**Problem to work on**
Repeat the entries exactly but omit the pictures.

[Caption-style text data]

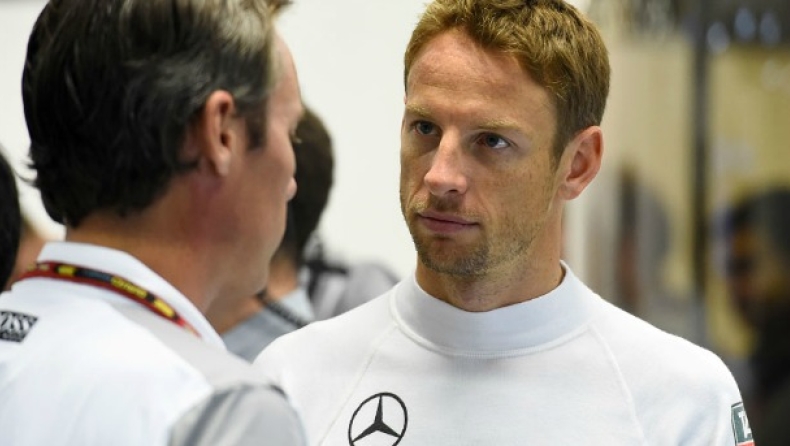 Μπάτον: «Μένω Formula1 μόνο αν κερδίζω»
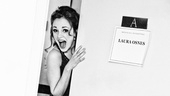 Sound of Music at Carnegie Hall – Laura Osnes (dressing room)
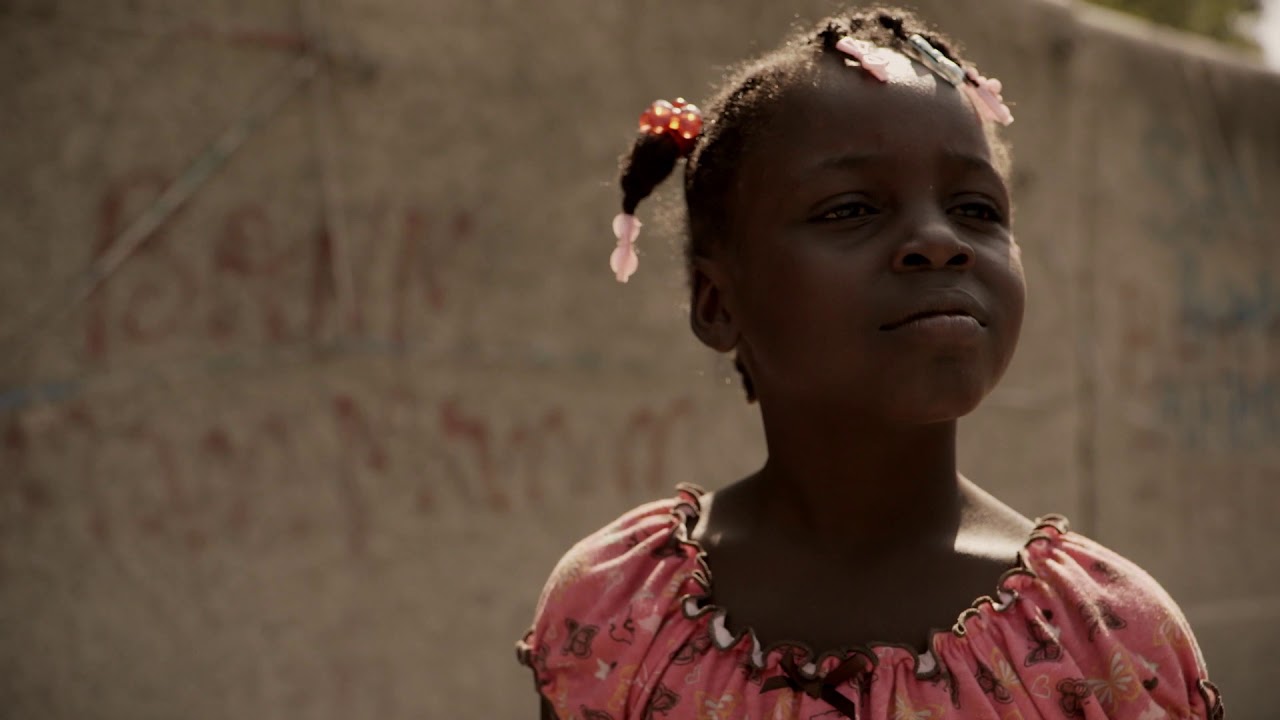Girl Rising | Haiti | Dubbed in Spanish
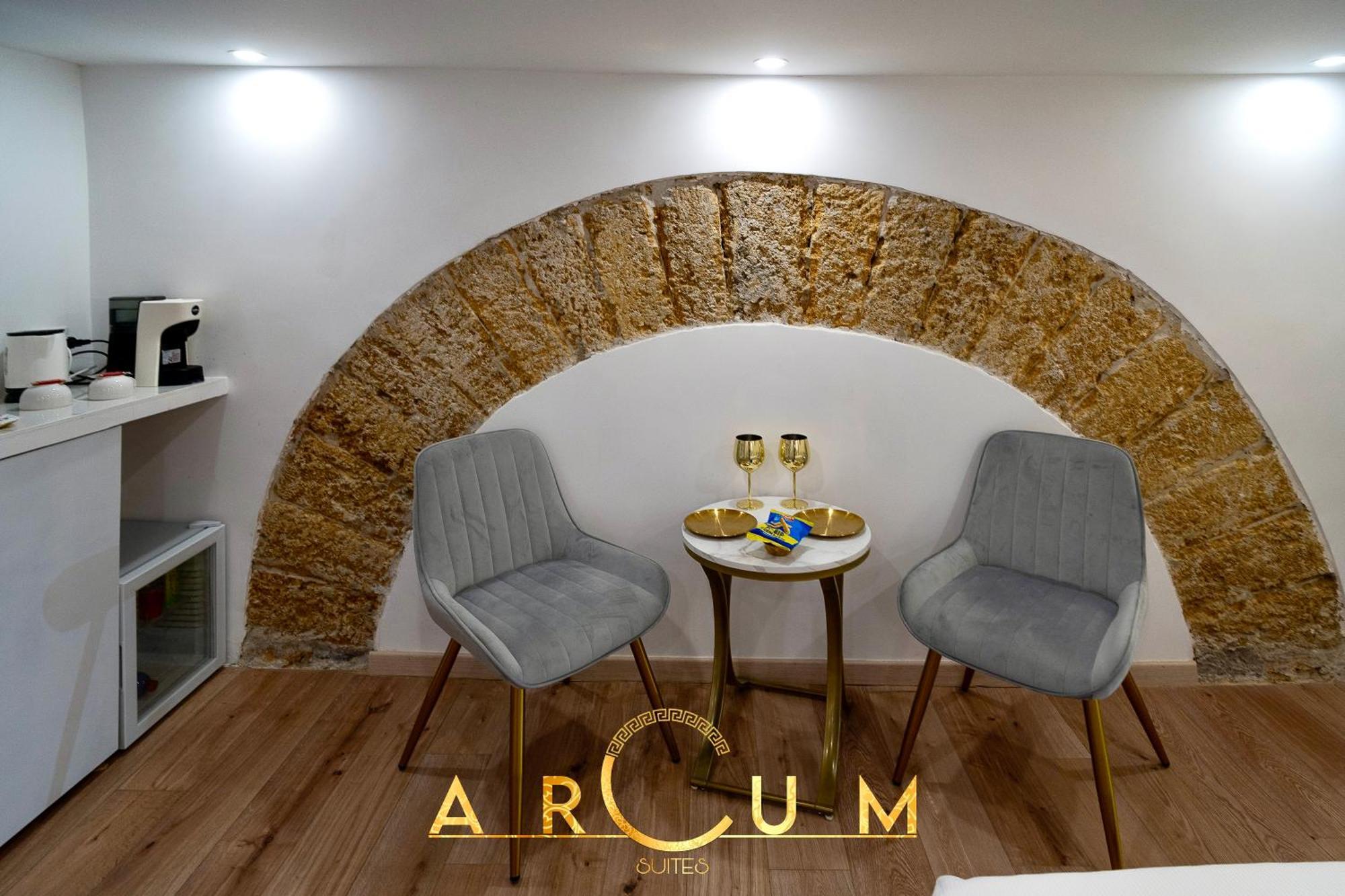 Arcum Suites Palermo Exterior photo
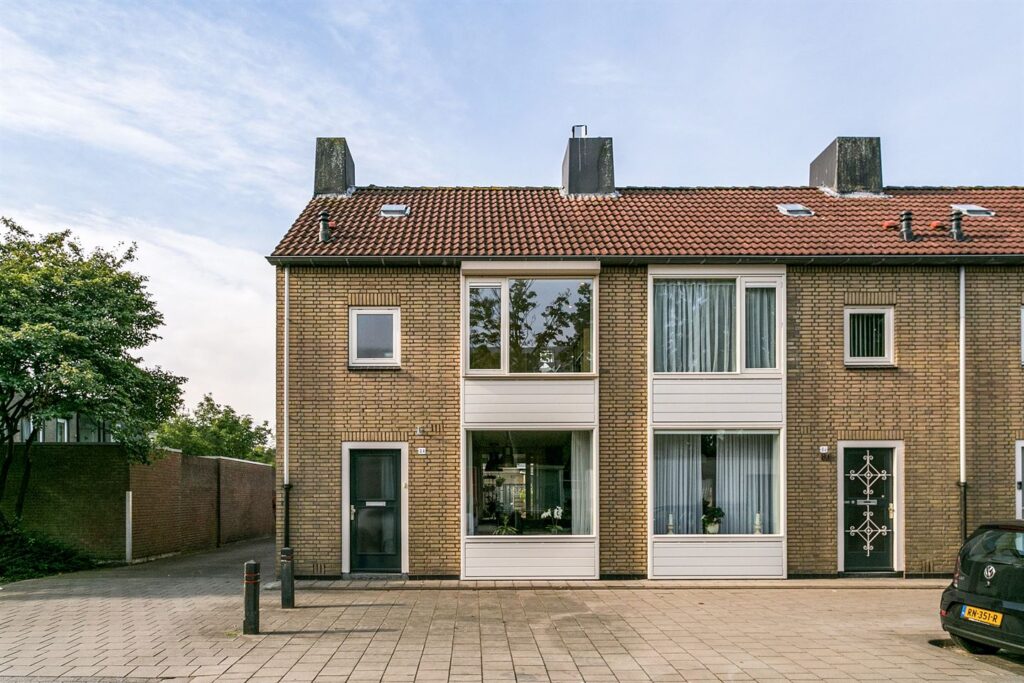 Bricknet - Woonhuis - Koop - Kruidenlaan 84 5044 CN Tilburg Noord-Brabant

**Task solution**
 Μπάτον: «Μένω Formula1 μόνο αν κερδίζω»
 Sound of Music at Carnegie Hall – Laura Osnes (dressing room)
Girl Rising | Haiti | Dubbed in Spanish
 Arcum Suites Palermo Exterior photo
 Bricknet - Woonhuis - Koop - Kruidenlaan 84 5044 CN Tilburg Noord-Brabant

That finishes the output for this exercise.